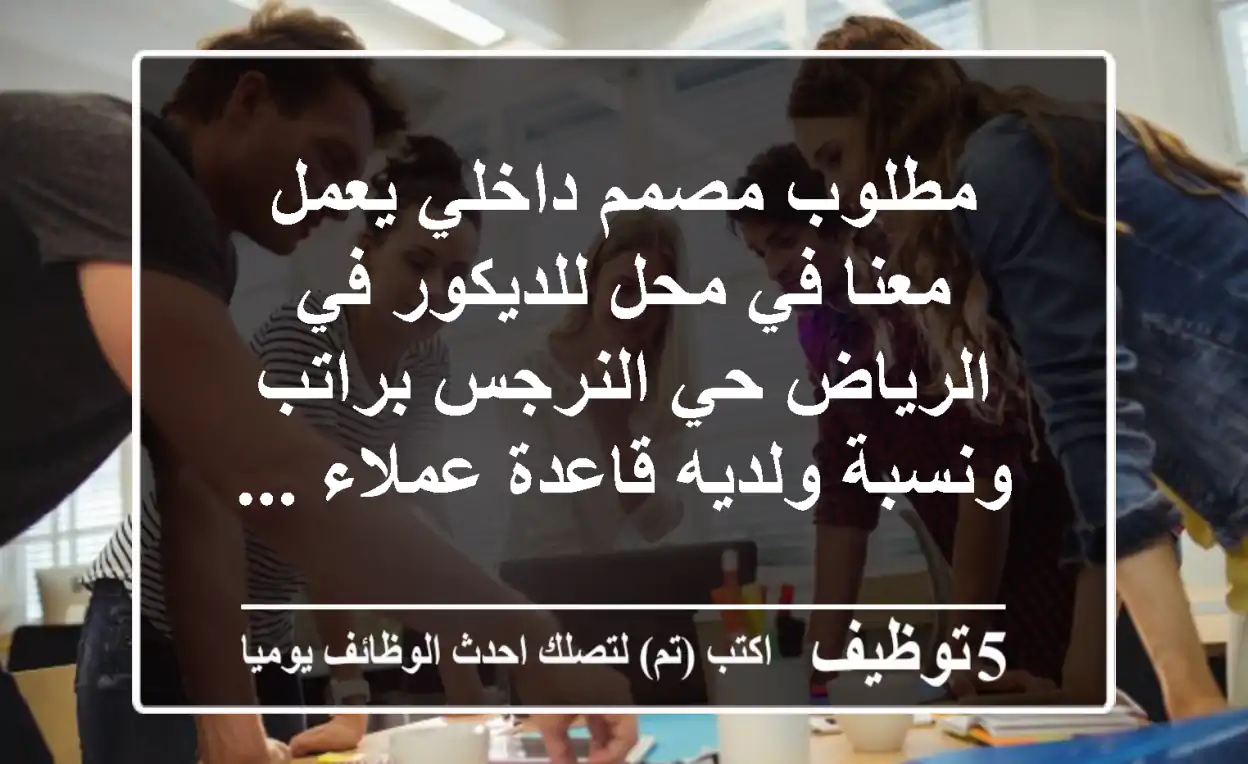 مطلوب مصمم داخلي يعمل معنا في محل للديكور في الرياض حي النرجس براتب ونسبة ولديه قاعدة عملاء ...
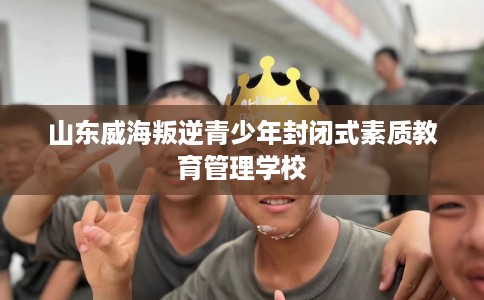 山东威海叛逆青少年封闭式素质教育管理学校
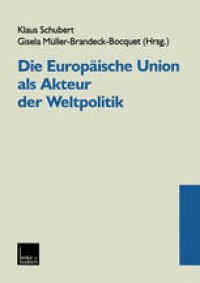 cover of the book Die Europäische Union als Akteur der Weltpolitik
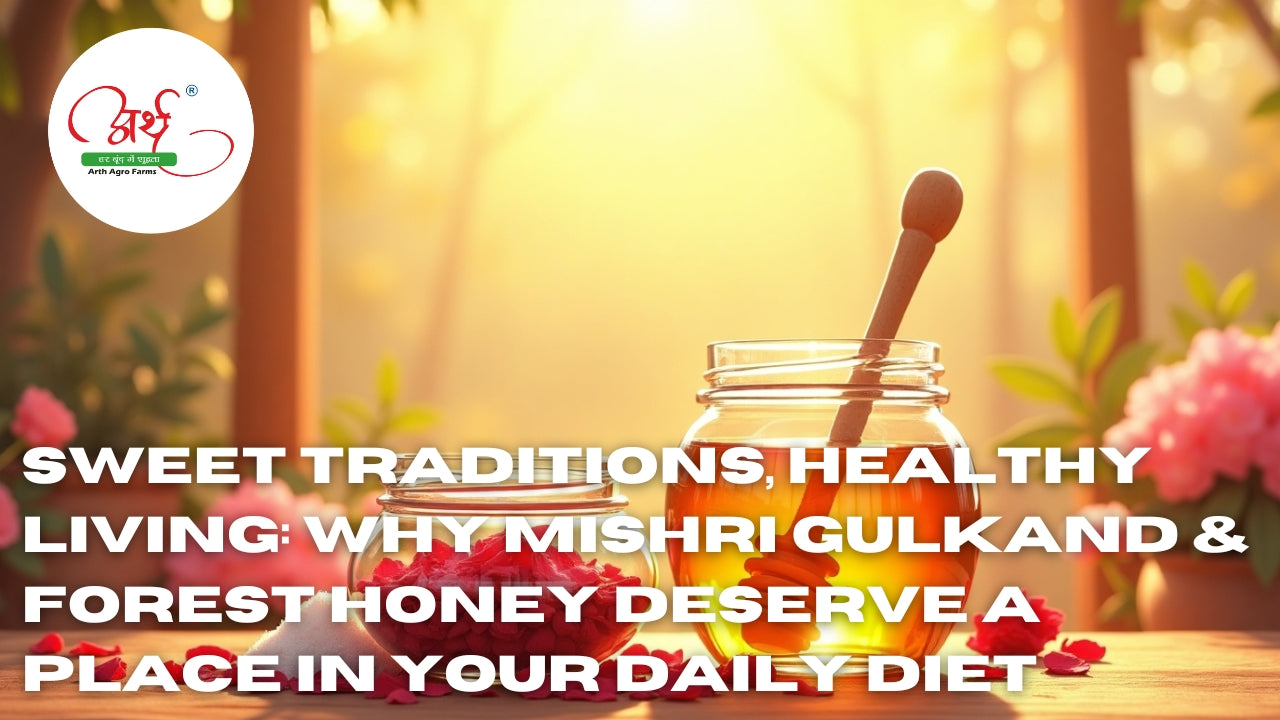 Sweet Traditions, Healthy Living: Why Mishri Gulkand & Forest Honey Deserve a Place in Your Daily Diet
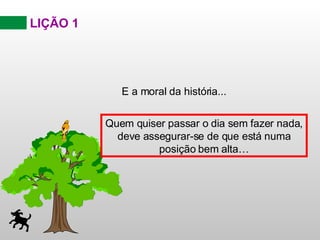 LIÇÃO 1 E a moral da história... Quem quiser passar o dia sem fazer nada, deve assegurar-se de que está numa posição bem alta… 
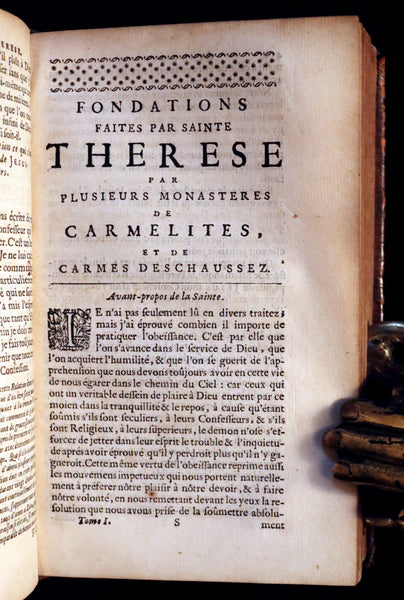 1688 Scarce French Book - Works of Saint Teresa of Avila by Robert Arnauld d'Andilly.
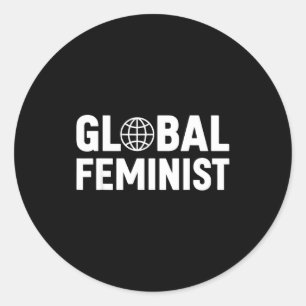 Global Feminist Women Empowerment Equality Classic Round Sticker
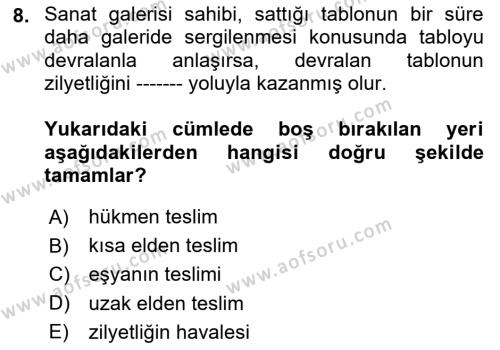 Medeni Hukuk Bilgisi Dersi 2023 - 2024 Yılı Yaz Okulu Sınavı 8. Soru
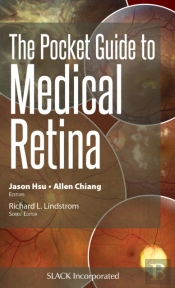 The Pocket Guide To Medical Retina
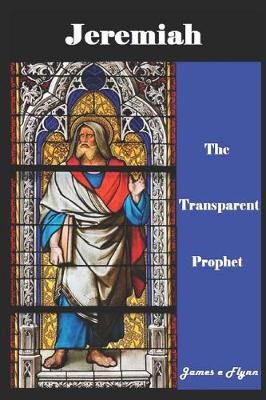 Book cover for Jeremiah, the Transparent Prophet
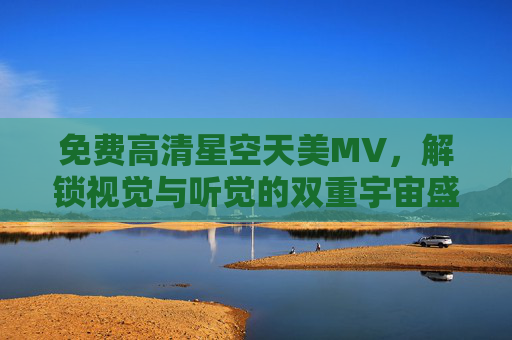 免费高清星空天美MV,解锁视觉与听觉的双重宇宙盛宴 免费高清星空天美MV,解锁视觉与听觉的双重宇宙盛宴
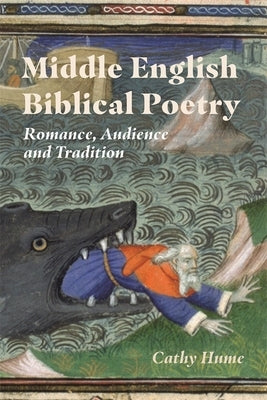 Middle English Biblical Poetry: Romance, Audience and Tradition by Hume, Cathy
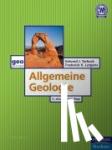 Tarbuck, Edward J., Lutgens, Frederick K. - Allgemeine Geologie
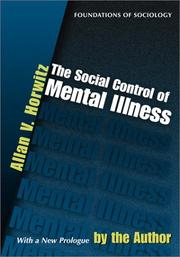 Cover of: The Social Control of Mental Illness (Foundations of Sociology) (Foundations of Sociology)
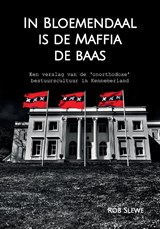 In Bloemendaal is de maffia de baas - Rob Slewe - 9789463457132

Work item: If a record contains a picture, leave the picture out; repeat the record itself exactly.

Exercise solution:
 مطلوب مصمم داخلي يعمل معنا في محل للديكور في الرياض حي النرجس براتب ونسبة ولديه قاعدة عملاء ...
 山东威海叛逆青少年封闭式素质教育管理学校
 cover of the book Die Europäische Union als Akteur der Weltpolitik
 Sweet Traditions, Healthy Living: Why Mishri Gulkand & Forest Honey Deserve a Place in Your Daily Diet
 LIÇÃO 1 E a moral da história... Quem quiser passar o dia sem fazer nada, deve assegurar-se de que está numa posição bem alta… 
 1688 Scarce French Book - Works of Saint Teresa of Avila by Robert Arnauld d'Andilly.
 Global Feminist Women Empowerment Equality Classic Round Sticker
 Medeni Hukuk Bilgisi Dersi 2023 - 2024 Yılı Yaz Okulu Sınavı 8. Soru
 The Pocket Guide To Medical Retina
 Book cover for Jeremiah, the Transparent Prophet
 免费高清星空天美MV,解锁视觉与听觉的双重宇宙盛宴 免费高清星空天美MV,解锁视觉与听觉的双重宇宙盛宴
 Middle English Biblical Poetry: Romance, Audience and Tradition by Hume, Cathy
 Tarbuck, Edward J., Lutgens, Frederick K. - Allgemeine Geologie
 Cover of: The Social Control of Mental Illness (Foundations of Sociology) (Foundations of Sociology)
 In Bloemendaal is de maffia de baas - Rob Slewe - 9789463457132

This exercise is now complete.